- Material to process
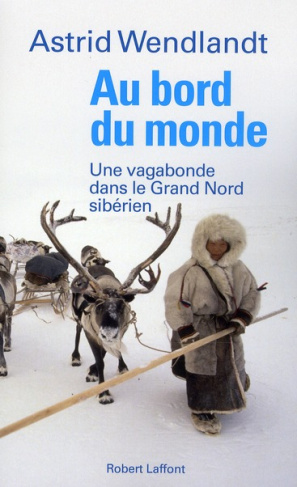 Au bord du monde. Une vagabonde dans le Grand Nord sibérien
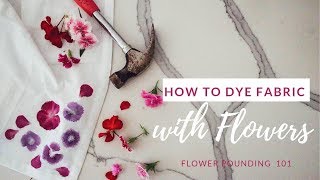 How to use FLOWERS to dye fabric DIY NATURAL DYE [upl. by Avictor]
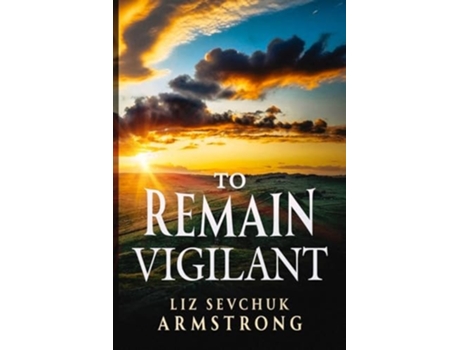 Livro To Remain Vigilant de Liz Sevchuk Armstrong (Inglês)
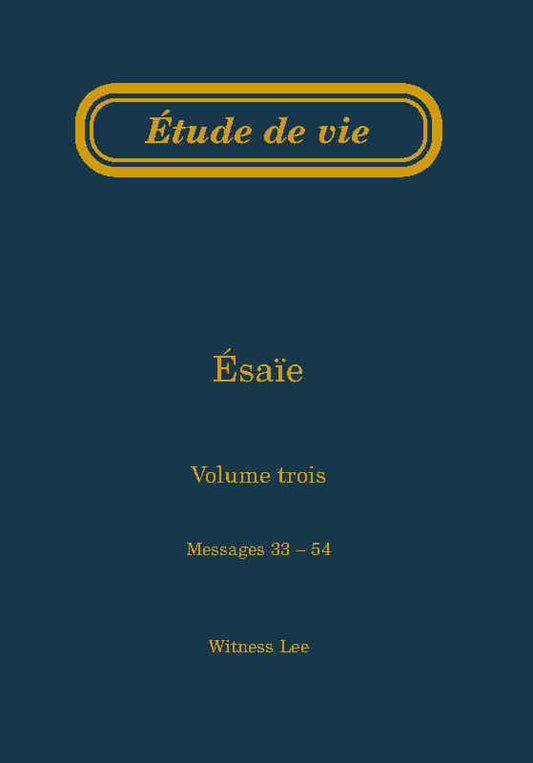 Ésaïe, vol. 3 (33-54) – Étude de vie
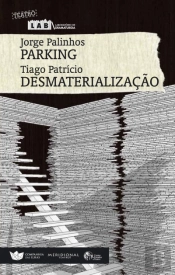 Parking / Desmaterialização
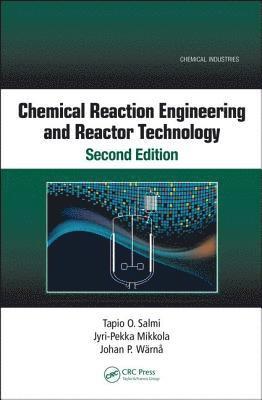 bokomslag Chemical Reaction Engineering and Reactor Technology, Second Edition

- Exercise prompt
From the first line to the last, copy the records exactly and skip the pictures.

- Response box
 Au bord du monde. Une vagabonde dans le Grand Nord sibérien
 How to use FLOWERS to dye fabric DIY NATURAL DYE [upl. by Avictor]
 Livro To Remain Vigilant de Liz Sevchuk Armstrong (Inglês)
 Ésaïe, vol. 3 (33-54) – Étude de vie
 Parking / Desmaterialização
 bokomslag Chemical Reaction Engineering and Reactor Technology, Second Edition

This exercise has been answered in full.